And we're back to our regularly scheduled programming after taking a month off to focus on Amelia Earhart's world flight, as this year marked the 85th anniversary. Today we'll be taking a look, from where we left off, at the history of Electra 1008.
At the end of December 1934, Lockheed delivered a brand new Electra 10C, 1008, to Aerovias Reformas, in Mexico, with the registration XA-BEP. After serving with the airline for a least a year or two the Electra was given to Pan Am and the registration changed to NC16080.
In 1937 Pan Am placed the Electra, now with registration PP-PAS, in the Panair do Brasil system where it served for four to five years before it was sold to VARIG in 1943 and the registration changed once again to PP-VAQ.
At 10 o'clock on the morning of June 20, 1944, PP-VAQ took off from Pelotas with two crew and nine passengers aboard bound for Porto Alegre. The weather in Porto Alegre was fair; however, a cold front was expected to come through at some point. As the Electra began its descent the front closed in on the aircraft bringing thunderstorms along with it. Flying at a low altitude, with heavy turbulence, and no visual reference Pilot Ricardo Lau was too late to prevent a collision and PP-VAQ crashed into the Guaiba River, breaking apart. The only site to mark the disaster was the tail bobbing in the river.
The following day officials visited the scene of the crash, breaking out one of the rear windows and viewing the interior confirmed that no one had survived the accident. The bodies were removed and the wreck was hoisted out by crane, Captain Lau was the last body to be removed from the aircraft. The victims were as follows: Captain Ricardo Lau, co-pilot Frederick Hochwart, Jose Rafael Azeredo, Col. Zeferino Costa (Federalist chief, Revolutionary of 1893 and 1924), Adelino Rosa, Hugo Richter, Edmundo Novais, Newton Silva, Jaime Pulstinic and Jose Ferraz Viana.

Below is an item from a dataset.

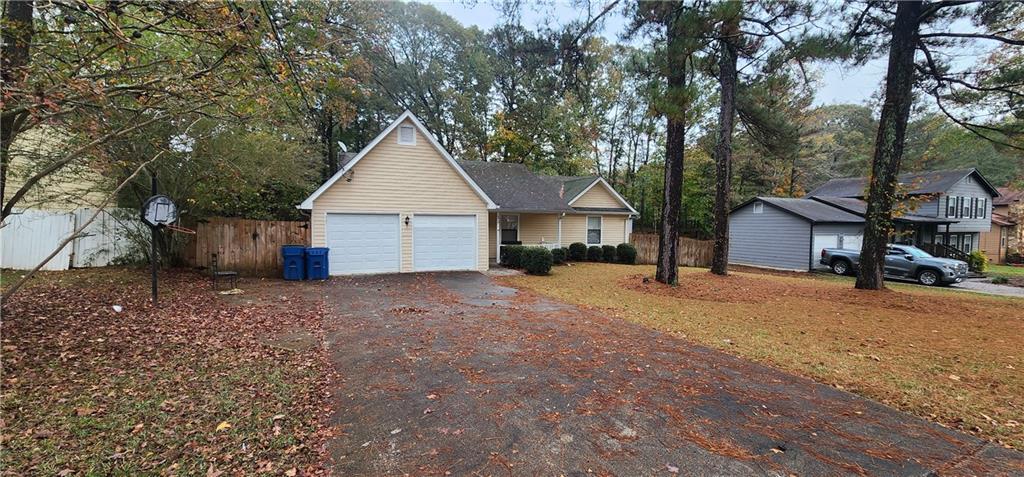 a view of a house with a yard and garage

Two days following the accident VARIG released an official statement which said that the airport had not been closed because there had been ample time for the flight to land and that the weather had not hit until 15 minutes after the scheduled time of arrival. The weather had been pointed out to Captain Lau and that it was his decision to continue the journey; VARIG stated that it was possible, but unlikely, that the downpour could have blinded the pilots and tricked them into thinking the rain was actually the river water. In the end it was the weather that was deemed to be the culprit; both crew and machine were fit and ready to fly the day of the accident.
The accident of June 20, 1944, was the only fatality among the eight Electras VARIG had in its fleet from 1943 to 1950.
(Information from the accident was taken from O Rastro da Bruxa: Historia da Aviacao Comercial Brasileira no Secula XX atraves de sues acidentes: 1928 - 1996 by Carlos Ari Cesar Germano da Silva, which translates to: "The Witch's Trail: History of Brazilian Commercial Aviation in the twentieth century through its accidents: 1928-1996)
1008, while serving for Panair do Brasil
PP-PAS in flight
PP-VAQ taken from (O Rastro da Bruxa...)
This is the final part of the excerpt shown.